Se volvió hacia Freddie.
—De acuerdo, Freddie. Ahora tú. Ya conoces a Sarah. Dile que no se preocupe. Dile que un montón de chicos van a volver a casa a través de su dormitorio. Dile que Joshua dice que es la única manera de devolverlos a casa y que por favor no se enfade. Ahora, enséñame tu cruzadora.
Uno a uno, ¡plop! tras ¡plop!, los niños perdidos desaparecieron.
Cuando el último de los que tenía cerca se hubo ido a casa, todavía quedaban voces en puntos lejanos del bosque; quizá más allá. Joshua no podía hacer nada por ellos. Ni siquiera estaba seguro de haber hecho lo correcto hasta ese momento. Parado en la oscuridad, escuchó. Aparte de las voces distantes, no captó otro sonido que el tenue zumbido de los mosquitos. La gente decía que los mosquitos podían matar a un caballo, si les daban tiempo.
Alzó su trabajada cruzadora y movió el interruptor.
En un visto y no visto volvía a estar en el Centro, junto a la cama de Sarah, en su minúscula y recargada habitación, justo a tiempo para avistar la espalda de la última chica a la que había guiado a casa, que, todavía histérica perdida, salía al pasillo. También oyó las voces estridentes de las hermanas, que lo llamaban por su nombre.
A toda prisa, volvió a accionar el interruptor, para plantarse a solas en la soledad del bosque. Su bosque.
Ya se oían más voces, más cercanas. Sollozos. Chillidos. Un niño que decía con mucha educación:
—Disculpen, ¿alguien puede ayudarme? —Y después una arcada. Vómitos.
Más recién llegados. «¿Por qué se marean todos?», pensó. Ese sería el olor del Día del Cruce, cuando lo recordara más adelante. Todo el mundo había vomitado. Él no.
Se adentró caminando en la oscuridad, buscando al último niño que había pedido socorro.
Y después de ese chico vino otro. Y otro, que se había roto el brazo, al parecer, cayendo de algún piso superior. Y luego otro. Siempre había otro chico.
Al rayar el alba la arboleda se llenó de trinos y luz. ¿Habría amanecido también en casa?
Ya no se oía ningún sonido de origen humano, salvo por los sollozos del último niño perdido, que se había clavado en la pierna un trozo de madera afilada. Sería imposible que el chico activase su propia cruzadora, lo que era una pena, porque a la tenue luz Joshua admiró su factura. Saltaba a la vista que el muchacho se había tirado un rato en el Radio Shack. Un niño sensato, pero no lo bastante para llevar linterna o antimosquitos.

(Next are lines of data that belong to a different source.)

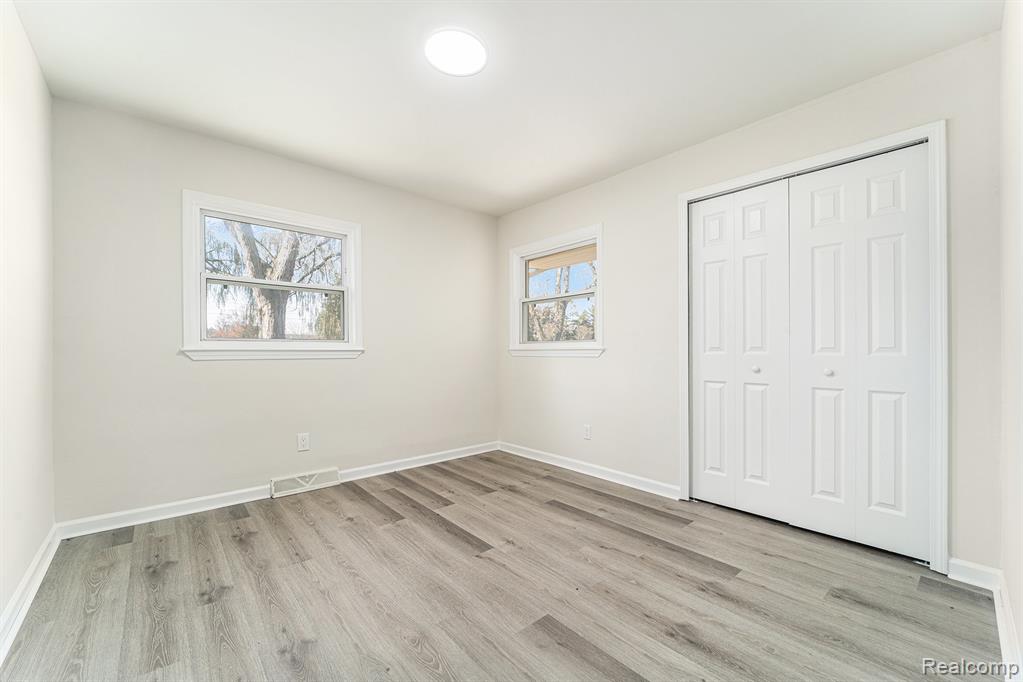 24614 Taft Road Novi, MI 48375 - Photo 16 of 28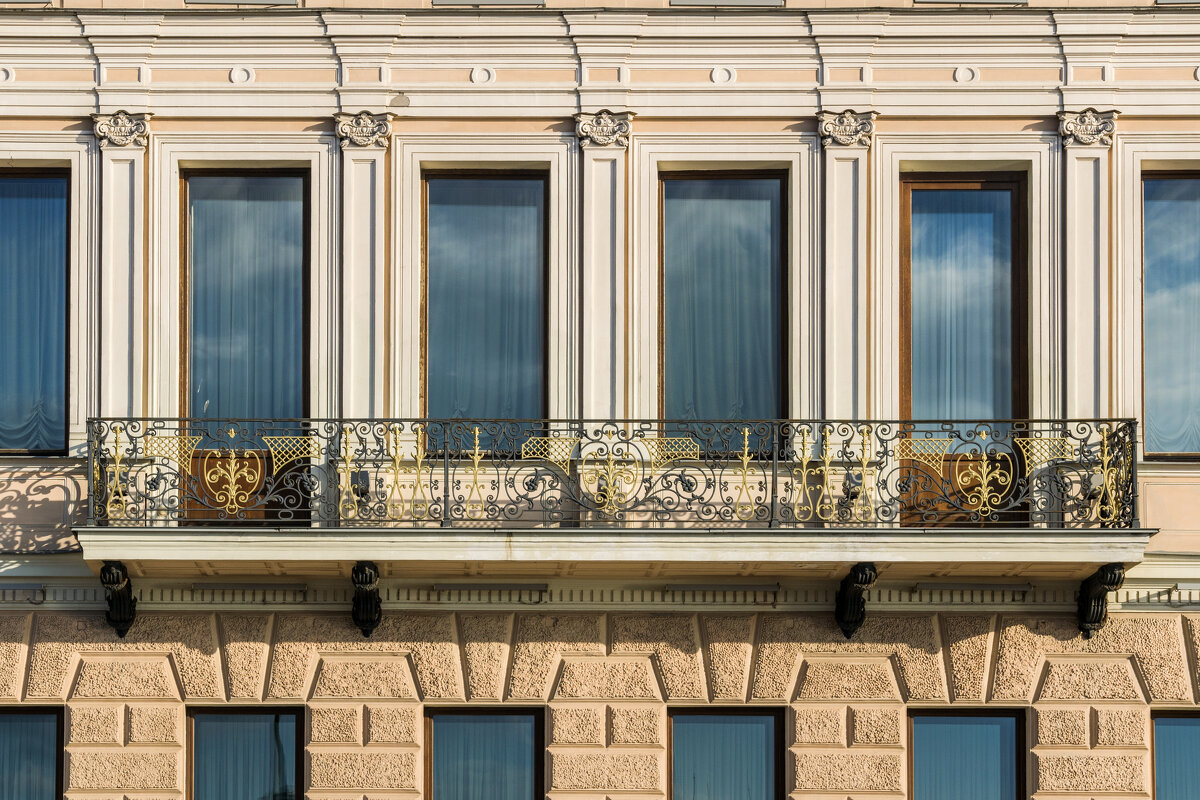 Великолепный балкон дворца екатерининского вельможи государстенного канцлера Бестужева - Стальбаум Юрий 
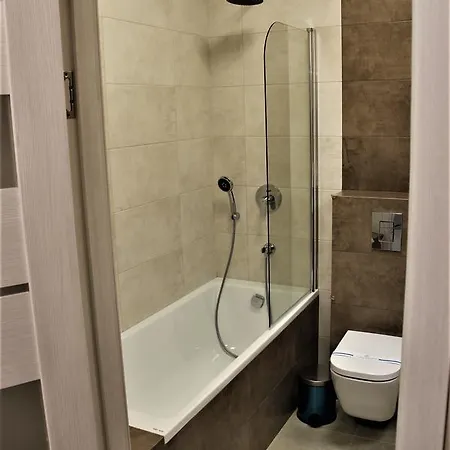 Apartment Bel'etazh S Vidom Na Teatr Muzkomedii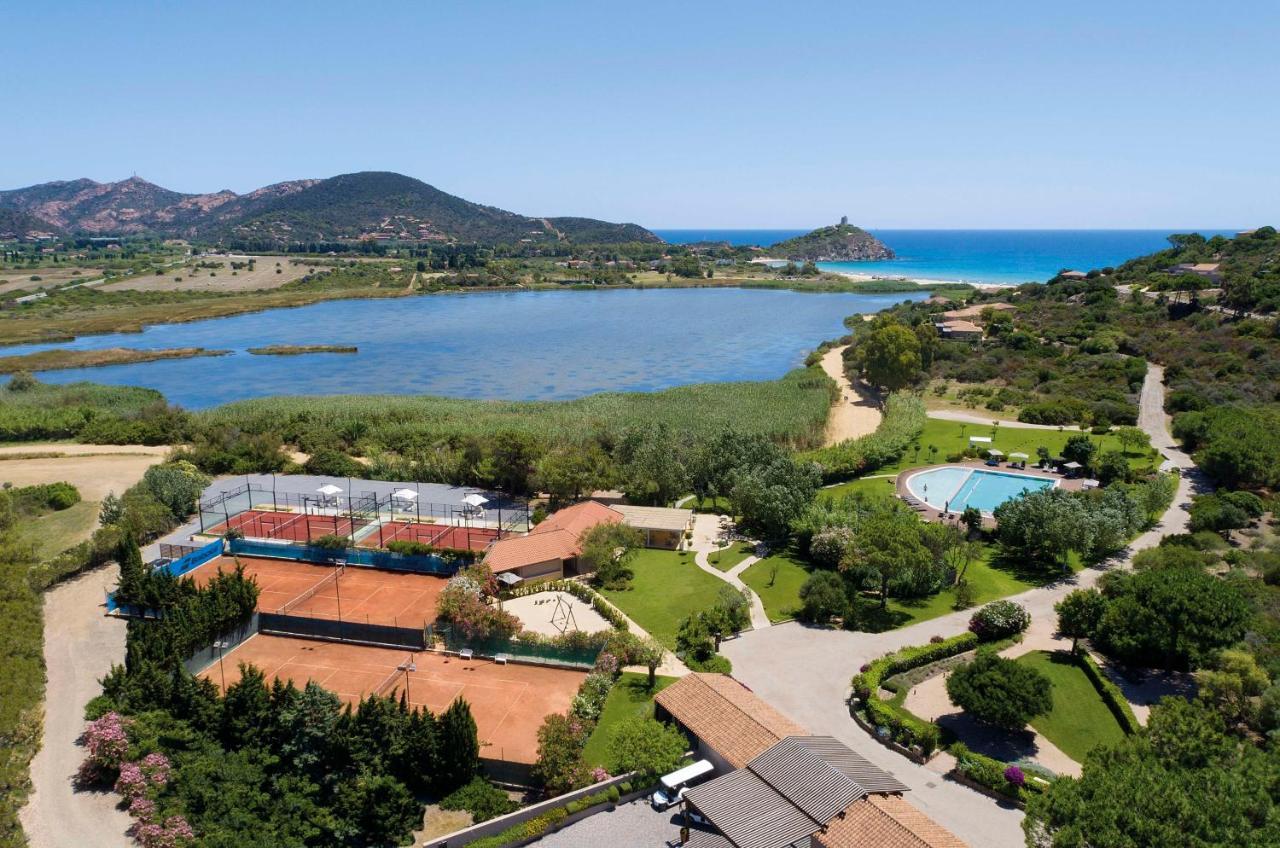 Baia Di Chia Resort Sardinia, Curio Collection By Hilton Exterior foto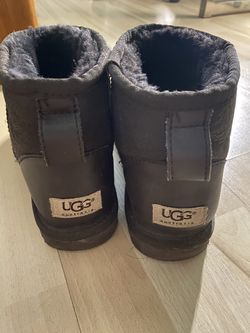 UGG Brown Boots. Size 6
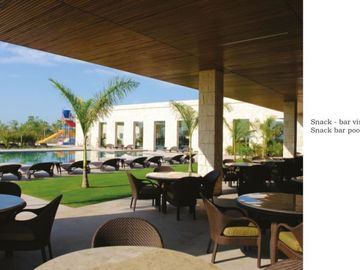 Departamento con campo de golf en Yucatan Country Club.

Con cuidado, Joshua se agachó, cogió al chico en brazos y se puso derecho. El niño gimió. Con una sola mano, Joshua buscó a tientas el interruptor de su propia cruzadora, satisfecho una vez más de haber seguido las instrucciones al pie de la letra.
En esa ocasión, cuando cruzó con el niño herido, lo deslumbraron unas luces, y en cuestión de segundos un coche patrulla de la Policía de Madison frenó ante él con una derrapada. Joshua no se movió lo más mínimo.
Dos agentes salieron del coche. Uno de ellos, un hombre joven que llevaba una chaqueta fluorescente, levantó al niño herido con delicadeza de los brazos de Joshua y lo tendió sobre la hierba. La otra policía se situó, sonriente y con las manos abiertas, delante de él. Eso le puso nervioso. Era la misma sonrisa que ponía una hermana ante un Problema. Unos brazos extendidos en ademán de bienvenida podían convertirse con rapidez en unos brazos que agarraban. Detrás de los policías había luces por todas partes, como en un plató de cine.
—Hola, Joshua —dijo la agente—. Me llamo Monica Jansson.